Les Maures, qui avaient fait des pertes considérables, n’essayèrent pas de recommencer l’attaque. De la confiance, ils avaient passé au découragement. Allah, disaient-ils, ne veut pas nous rendre la cité sainte ! D’ailleurs, ils étaient dépourvus de vivres et n’avaient pas eu le temps d’amener un matériel de siége. En quelques jours, toute cette grande armée se dispersa. Après de vains efforts pour retenir ses alliés, don Pèdre lui-même fut contraint de retourner à Séville ; mais, avant de lever son camp, il envoya son héraut proclamer, aux portes de la ville assiégée, que Cordoue était déclarée tout entière coupable de trahison, et que, lorsqu’il y rentrerait, il la livrerait aux flammes et ferait passer la charrue sur les fondemens de ses édifices.

Le succès inespéré des Cordouans et l’indignation causée par les ravages des Maures obligèrent plusieurs villes de l’Andalousie à se soulever et à proclamer le prétendant.

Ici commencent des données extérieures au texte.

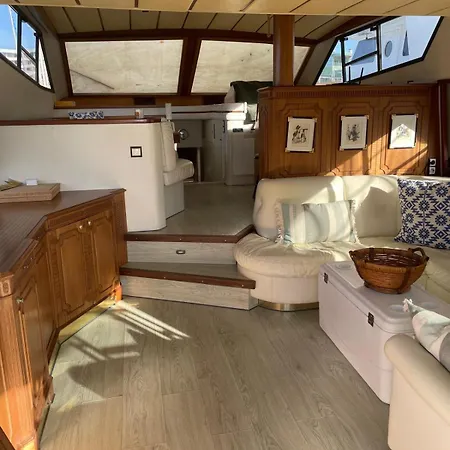 Ботель Waterfront Cozy Two Bedrooms *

Jaën et Ubeda payèrent chèrement leur audace. Toutes les deux furent détruites de fond en comble par le roi de Grenade[2]. Les alliés musulmans de don Pèdre, voyant des ennemis

  1. Ayala, p. 525 et suiv. — Conde, Hist. de los Arabes, 4e part., cap. 26.
  2. Idem, p. 528. — Argote de Molina, Nobleza de Andalucia, p. 238.